Fred Moten

Fred Moten is Professor in the Department of Performance Studies, Tisch School of the Arts. He holds an A.B. from Harvard and a Ph. D from the University of California, Berkeley.

Moten teaches courses and conducts research in black studies, performance studies, poetics and critical theory. He is author of In the Break: The Aesthetics of the Black Radical Tradition (University of Minnesota Press, 2003); Hughson’s Tavern (Leon Works, 2009); B. Jenkins (Duke University Press, 2010); The Feel Trio (Letter Machine Editions, 2014), The Little Edges (Wesleyan University Press, 2015), The Service Porch(Letter Machine Editions, 2016) and a three-volume collection of essays whose general title is consent not to be a single being (Duke University Press, 2017, 2018). Moten is also co-author, with Stefano Harney, of The Undercommons: Fugitive Planning and Black Study (Minor Compositions/Autonomedia, 2013) and A Poetics of the Undercommons (Sputnik and Fizzle, 2016) and, with Wu Tsang, of Who touched me? (If I Can’t Dance, I Don't Want to be Part of Your Revolution, 2016). Moten has served on the editorial boards of Callaloo, Discourse, American Quarterly and Social Text; as a member of the Critical Theory Institute at the University of California, Irvine; on the board of directors of the Center for Lesbian and Gay Studies, City University of New York; and on the advisory board of Issues in Critical Investigation, Vanderbilt University.

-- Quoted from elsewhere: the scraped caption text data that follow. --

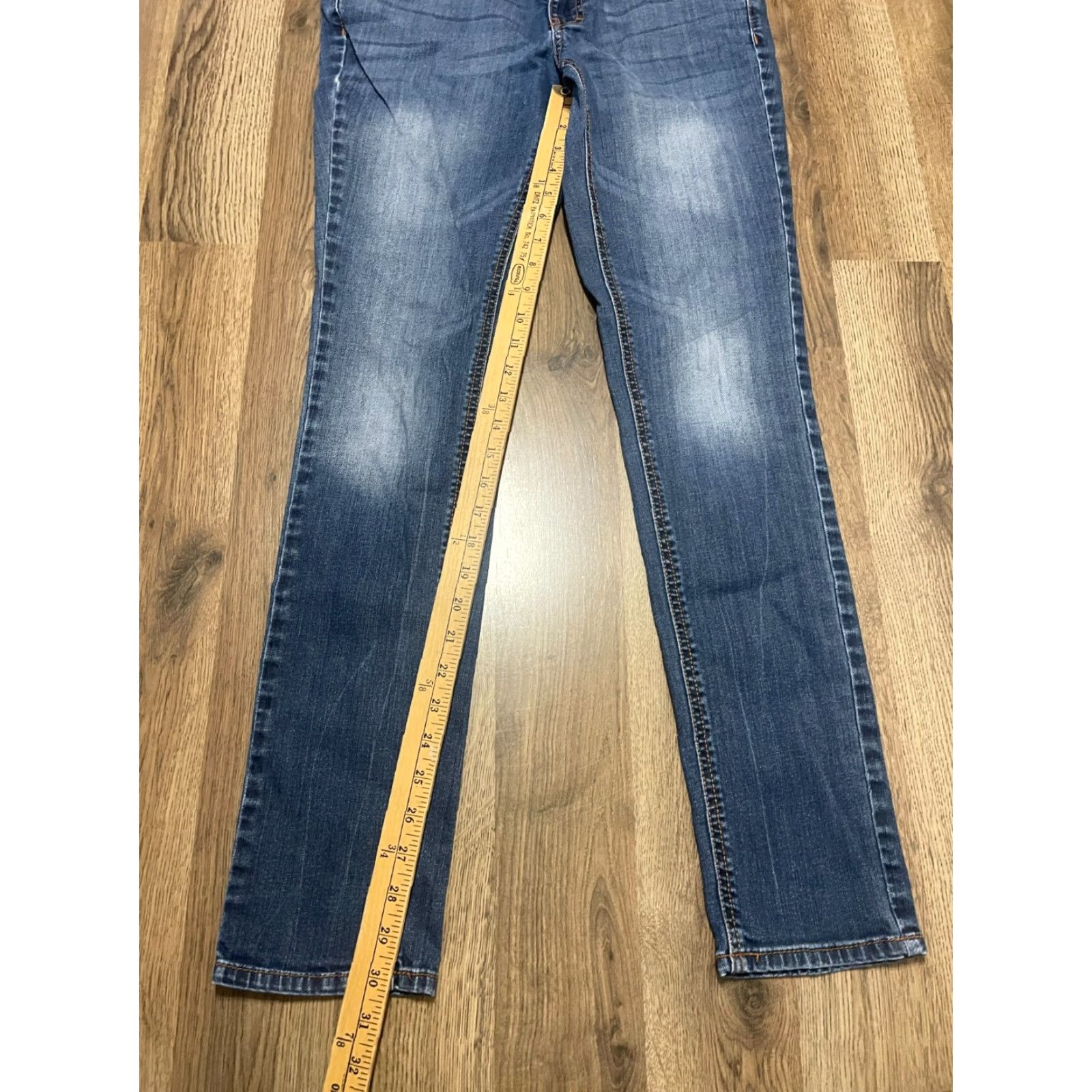 Mossimo Mossimo Jeans Womens 10R Blue Denim Skinny 30.5in Regular Inseam Size 32" / US 10 / IT 46 - 6 Thumbnail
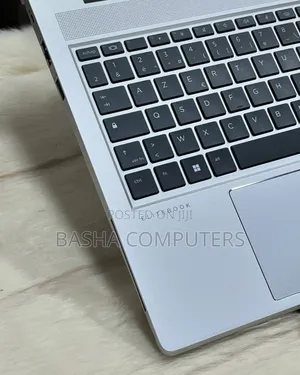 New Laptop HP EliteBook 640 G9 16GB Intel Core i7 SSHD+SSD 512GB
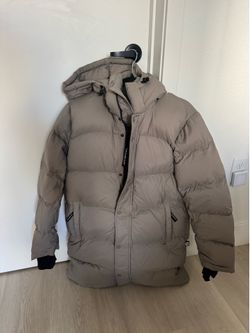 Aritzia super puff mid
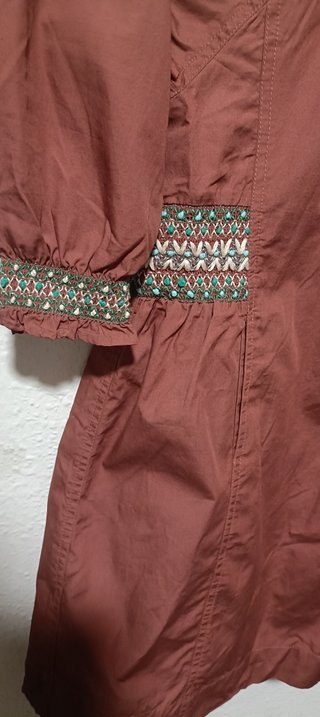 Vestido niña marrón bordado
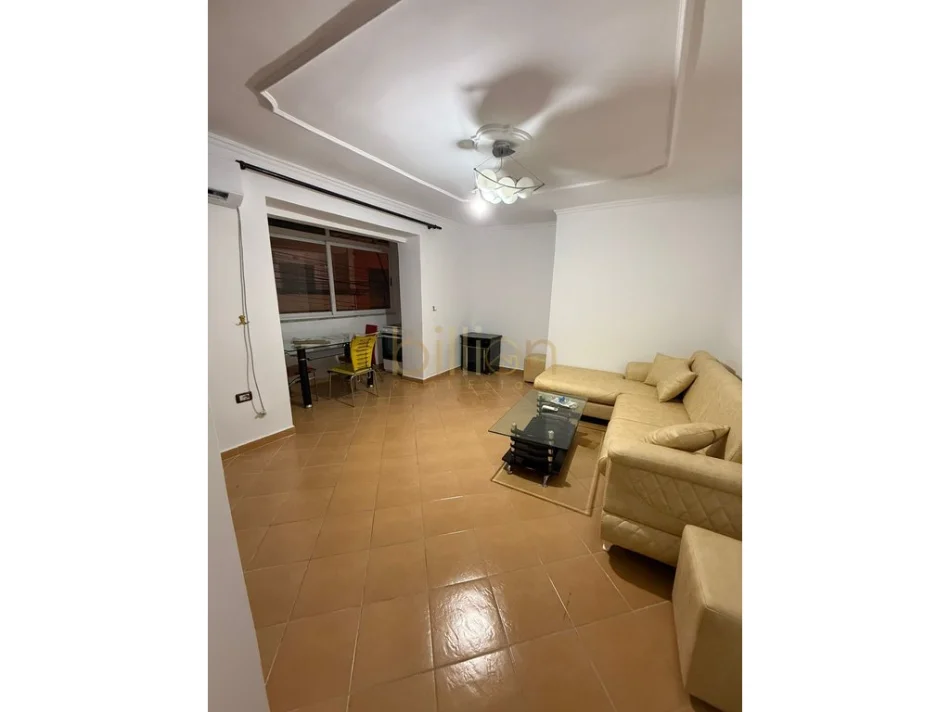 Tirane, jepet me qera , 80 m² 600 € (Pazari i RI)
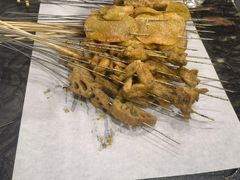 -郑贵初烧烤·烤凤爪的发明者(王家湾店)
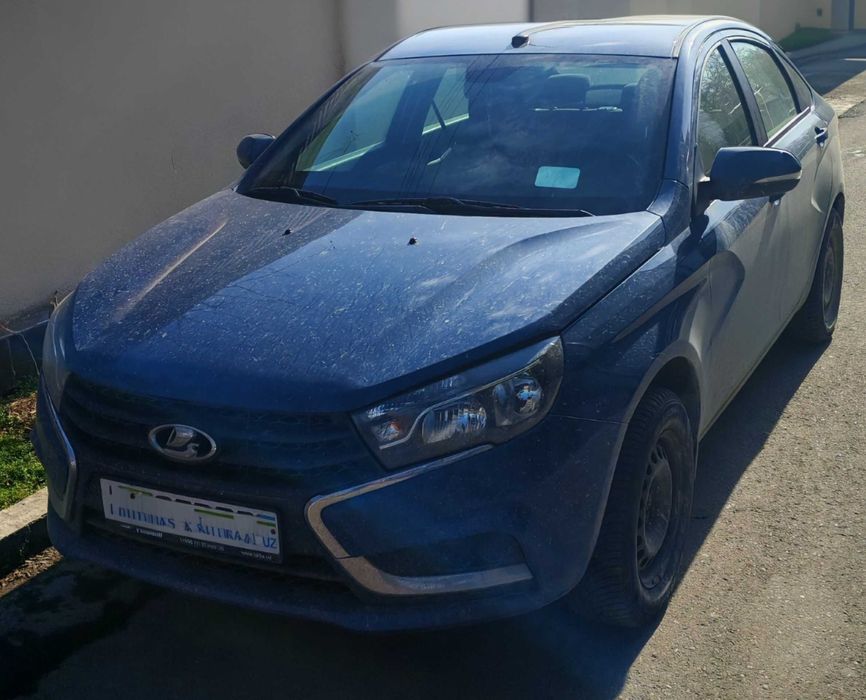 Продаётся Lada Vesta 1.6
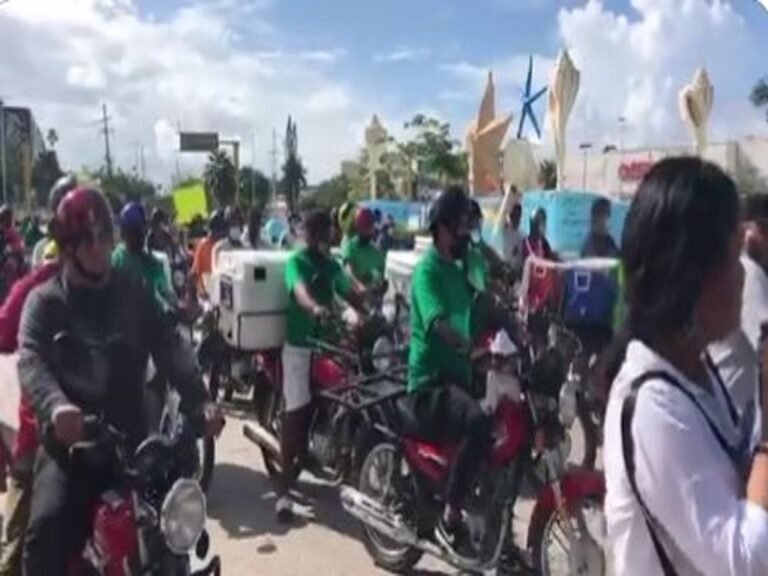 Distribuidores de tortillas se manifiestan por los incrementos en precios de los insumos en Cancún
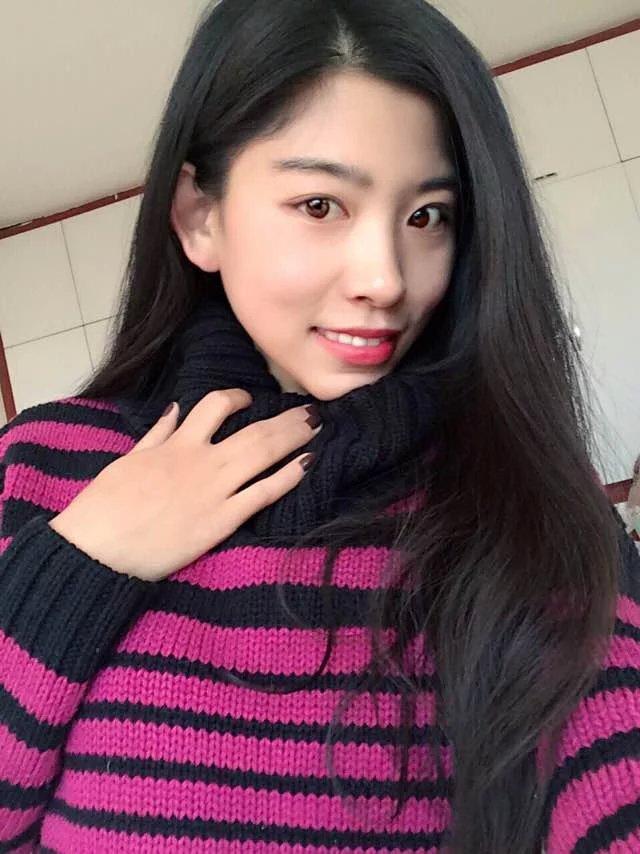 李艳的照片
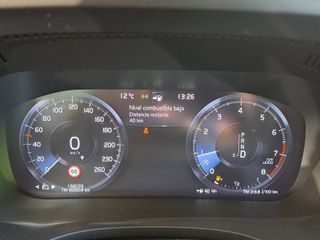 Volvo XC60 T4 MOMENTUM AUTO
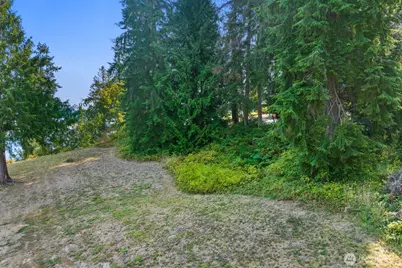 2689 SE Camano Drive, Camano Island, WA 98282 - Photo 9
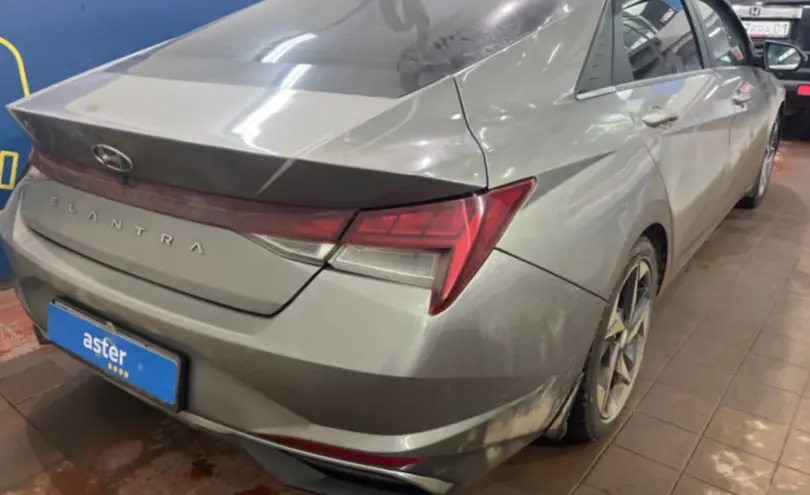 Hyundai Elantra 2021 года за 9 500 000 тг. в Астана фото 5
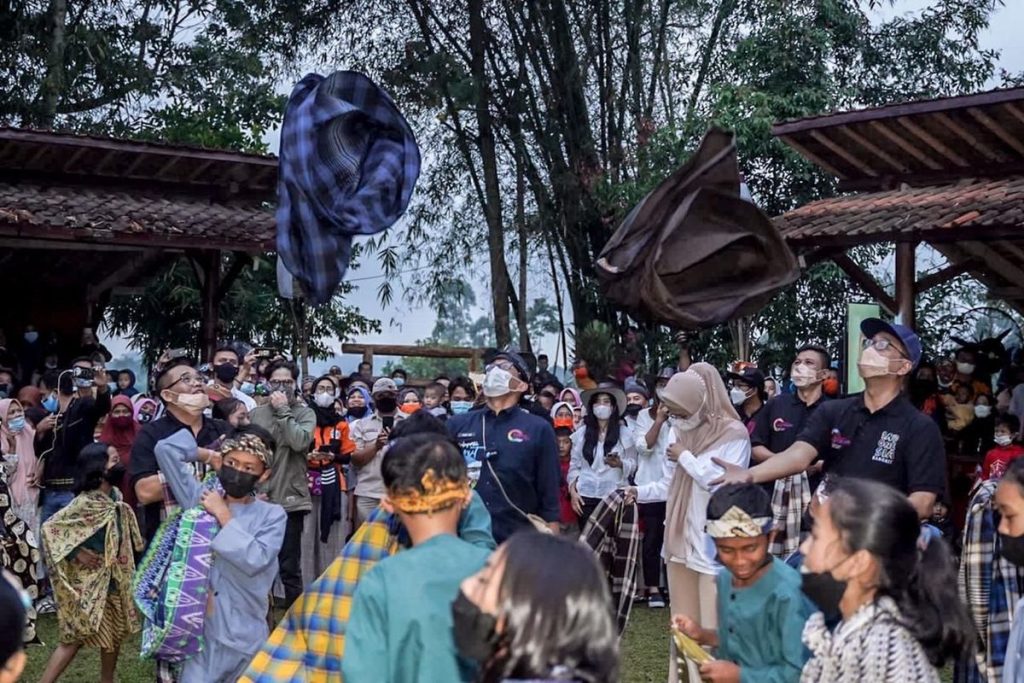 Suasana Desa Wisata Saung Ciburial Garut dengan panorama alam, persawahan, dan aktivitas wisata budaya masyarakat lokal.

Prior to joining the NYU faculty, Moten served on the faculties of the University of Iowa, the University of California, Santa Barbara, the University of California, Irvine and the University of Southern California. In addition, Moten was the inaugural Helen L. Bevington Professor of Modern Poetry at Duke University and Distinguished Professor of English at the University of California, Riverside. Moten has been the Whitney J. Oates Fellow in the Humanities Council and the Center for African American Studies at Princeton University, the Sherry Memorial Visiting Poet at the University of Chicago and a Visiting Artist at the Milton Avery Graduate School of the Arts, Bard College. In 2016 he was awarded a Guggenheim Fellowship and the Stephen E. Henderson Award for Outstanding Achievement in Poetry by the African American Literature and Culture Society. In 2014, Moten’s The Feel Trio was a poetry finalist for the National Book Award, the Los Angeles Times Book Prize and was winner of the California Book Award; and in 2016 his The Little Edges was a finalist for the Kingsley Tufts Poetry Award.